Unsupervised Machine Learning on Encrypted Data

Angela Jäschke and Frederik Armknecht

Abstract: In the context of Fully Homomorphic Encryption, which allows computations on encrypted data, Machine Learning has been one of the most popular applications in the recent past. All of these works, however, have focused on supervised learning, where there is a labeled training set that is used to configure the model. In this work, we take the first step into the realm of unsupervised learning, which is an important area in Machine Learning and has many real-world applications, by addressing the clustering problem. To this end, we show how to implement the K-Means-Algorithm. This algorithm poses several challenges in the FHE context, including a division, which we tackle by using a natural encoding that allows division and may be of independent interest. While this theoretically solves the problem, performance in practice is not optimal, so we then propose some changes to the clustering algorithm to make it executable under more conventional encodings.

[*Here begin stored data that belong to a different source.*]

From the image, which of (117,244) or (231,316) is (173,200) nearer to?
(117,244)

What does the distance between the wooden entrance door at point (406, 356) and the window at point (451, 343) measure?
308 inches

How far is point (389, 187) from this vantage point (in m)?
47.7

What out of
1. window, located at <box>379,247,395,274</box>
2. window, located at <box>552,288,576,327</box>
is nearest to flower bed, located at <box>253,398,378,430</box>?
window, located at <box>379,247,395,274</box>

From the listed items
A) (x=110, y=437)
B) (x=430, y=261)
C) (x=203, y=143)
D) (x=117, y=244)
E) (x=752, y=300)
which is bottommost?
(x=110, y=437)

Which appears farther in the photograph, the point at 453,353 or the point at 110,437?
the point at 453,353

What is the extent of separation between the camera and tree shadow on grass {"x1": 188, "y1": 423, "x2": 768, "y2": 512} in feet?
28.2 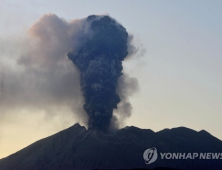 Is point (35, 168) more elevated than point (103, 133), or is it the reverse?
point (103, 133)

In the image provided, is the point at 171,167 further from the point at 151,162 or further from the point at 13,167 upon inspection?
the point at 13,167

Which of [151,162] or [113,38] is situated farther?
[113,38]

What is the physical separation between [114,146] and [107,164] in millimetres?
11523

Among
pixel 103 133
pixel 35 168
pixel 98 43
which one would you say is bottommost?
pixel 35 168

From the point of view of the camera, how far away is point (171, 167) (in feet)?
610

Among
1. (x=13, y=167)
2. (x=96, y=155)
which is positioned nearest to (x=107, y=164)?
(x=96, y=155)

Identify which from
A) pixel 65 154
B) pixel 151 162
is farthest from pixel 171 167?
pixel 65 154

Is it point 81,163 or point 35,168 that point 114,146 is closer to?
point 81,163

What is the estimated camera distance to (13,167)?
195125 millimetres

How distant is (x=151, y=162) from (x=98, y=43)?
44826mm

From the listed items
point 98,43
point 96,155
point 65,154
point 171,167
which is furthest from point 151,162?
point 98,43

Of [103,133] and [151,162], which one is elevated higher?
[103,133]

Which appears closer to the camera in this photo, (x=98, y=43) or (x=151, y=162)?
(x=151, y=162)

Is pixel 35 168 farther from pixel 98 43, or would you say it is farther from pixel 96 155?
pixel 98 43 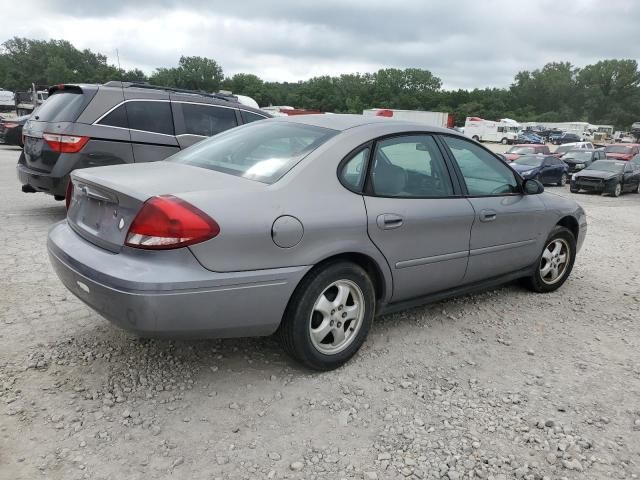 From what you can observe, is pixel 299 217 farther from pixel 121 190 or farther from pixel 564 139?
pixel 564 139

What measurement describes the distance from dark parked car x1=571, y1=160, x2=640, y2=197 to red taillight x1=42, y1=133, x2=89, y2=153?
54.5 feet

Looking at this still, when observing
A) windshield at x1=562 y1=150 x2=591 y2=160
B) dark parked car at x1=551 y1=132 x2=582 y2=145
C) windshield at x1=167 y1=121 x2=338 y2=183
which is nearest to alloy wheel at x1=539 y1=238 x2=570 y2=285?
windshield at x1=167 y1=121 x2=338 y2=183

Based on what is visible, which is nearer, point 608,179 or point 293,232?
point 293,232

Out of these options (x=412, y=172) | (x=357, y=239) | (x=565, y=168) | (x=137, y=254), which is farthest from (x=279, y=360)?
(x=565, y=168)

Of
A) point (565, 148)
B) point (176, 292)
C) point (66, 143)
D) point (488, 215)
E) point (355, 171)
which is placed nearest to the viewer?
point (176, 292)

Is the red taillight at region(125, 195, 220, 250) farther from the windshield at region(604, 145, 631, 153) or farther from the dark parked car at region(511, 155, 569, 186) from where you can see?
the windshield at region(604, 145, 631, 153)

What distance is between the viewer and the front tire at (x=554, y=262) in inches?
188

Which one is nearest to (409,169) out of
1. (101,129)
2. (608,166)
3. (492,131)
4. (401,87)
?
(101,129)

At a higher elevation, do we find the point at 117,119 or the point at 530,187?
the point at 117,119

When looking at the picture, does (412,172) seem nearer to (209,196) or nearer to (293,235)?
(293,235)

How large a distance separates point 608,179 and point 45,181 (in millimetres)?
17117

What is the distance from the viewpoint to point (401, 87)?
138 m

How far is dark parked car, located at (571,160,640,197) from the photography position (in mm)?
17125

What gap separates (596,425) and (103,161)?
5.75m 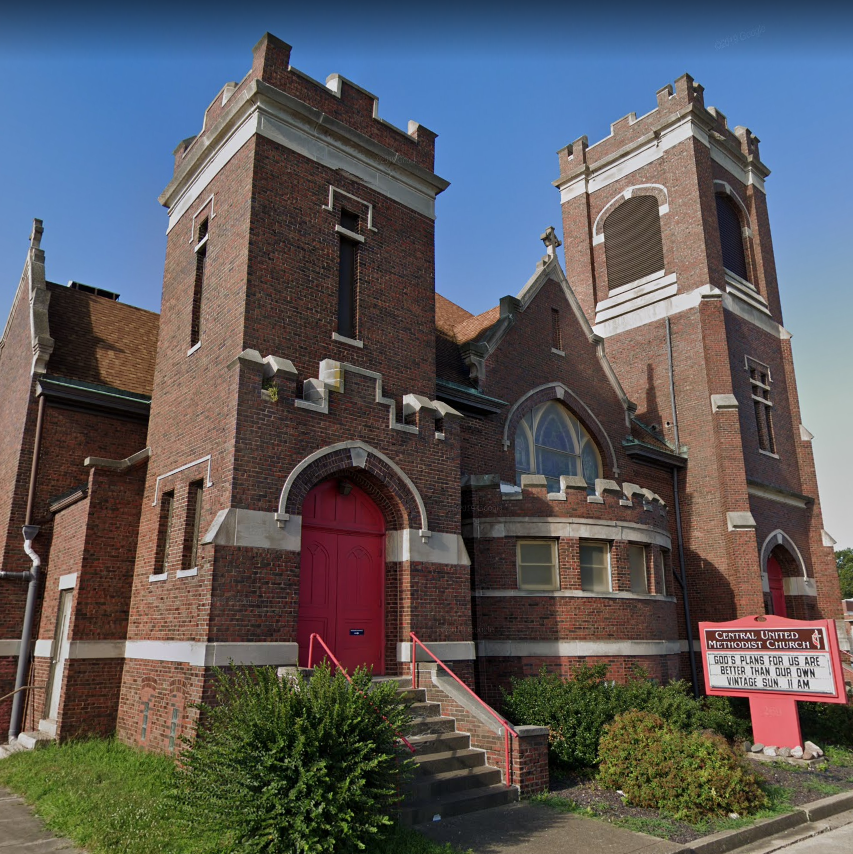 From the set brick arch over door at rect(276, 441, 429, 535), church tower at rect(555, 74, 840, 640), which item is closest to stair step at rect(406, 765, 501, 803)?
brick arch over door at rect(276, 441, 429, 535)

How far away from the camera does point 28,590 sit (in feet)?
47.6

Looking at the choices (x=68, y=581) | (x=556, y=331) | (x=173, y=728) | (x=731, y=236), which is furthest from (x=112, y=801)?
(x=731, y=236)

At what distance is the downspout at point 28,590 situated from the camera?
13.8 metres

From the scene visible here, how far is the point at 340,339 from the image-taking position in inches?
523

We show that our new algorithm achieves a clustering accuracy comparable to the original K-Means-Algorithm, but has less than $5\%$ of its runtime.

Category / Keywords: Machine Learning, Clustering, Fully Homomorphic Encryption

Date: received 3 May 2018

Contact author: jaeschke at uni-mannheim de

Available format(s): PDF | BibTeX Citation

Version: 20180510:202908 (All versions of this report)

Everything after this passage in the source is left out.